Parliamentary Brief #1: Tindak Pidana Penghinaan dalam Rancangan KUHP
Saat ini pemerintah telah menyelesaikan Rancangan KUHP yang telah dibahas di tim pemerintah selama 49 tahun. Rancangan KUHP yang dihasilkan oleh pemerintah pun telah disampaikan kepada DPR RI agar dapat segera membahasnya. Berdasarkan keterangan resmi yang dapat dihimpun, pada dasarnya Rancangan KUHP yang telah diserahkan oleh pemerintah ini memiliki empat tujuan yaitu dekolonisasi, demokratisiasi, konsolidasi, dan adaptasi serta harmonisasi hukum pidana. Terlepas dari tujuan mulia yang dikandung dalam Rancangan KUHP tersebut, namun masih ada persoalan mendasar yang menjadi cacat bawaan dalam Rancangan KUHP yang telah dihasilkan pemerintah tersebut. Cacat bawaan itu, mendasarkan pada catatan Aliansi Nasional Reformasi KUHP adalah pembaruan hukum pidana melalui Rancangan KUHP tersebut malah mengarah kepada terciptanya sistem politik yang represif terhadap masyarakat.

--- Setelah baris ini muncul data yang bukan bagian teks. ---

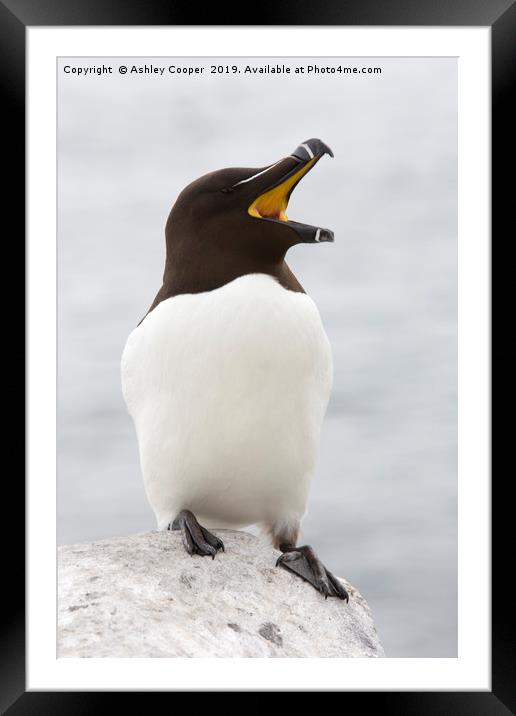 Razorbill sound. Framed Mounted Print by Ashley Cooper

ICJR juga mencatat hal yang sama, khususnya dalam konteks penghormatan dan perlindungan hak – hak dan kebebasan berekspresi dari warga Negara. Rancangan KUHP malah gagal dalam misinya untuk melakukan adaptasi terhadap Kovenan Hak Sipil dan Politik yang telah diratifikasi oleh Indonesia. Kegagalan itu setidaknya terlihat dalam isu tindak pidana penghinaan, suatu isu dimana ICJR selalu mengambil inisiatif untuk melakukan perubahan kebijakan dalam konteks penghinaan dan kebebasan berekspresi. Alih – alih melakukan tahapan untuk mulai menerapkan dekriminalisasi penghinaan, pemerintah malah memilih untuk memperberat ancaman hukuman bagi para pelanggarnya sekaligus juga menghidupkan kembali beberapa pasal yang telah dicabut nyawanya oleh Mahkamah Konstitusi. Selain itu, sepertinya tidak ada riset yang cukup mendalam mengenai kebijakan penjatuhan pidana dalam perkara – perkara penghinaan. Setidaknya, para pembuat Rancangan KUHP mestinya berkaca bagaimana Mahkamah Agung menjatuhkan pidana terhadap perkara – perkara pidana terkait dengan penghinaan.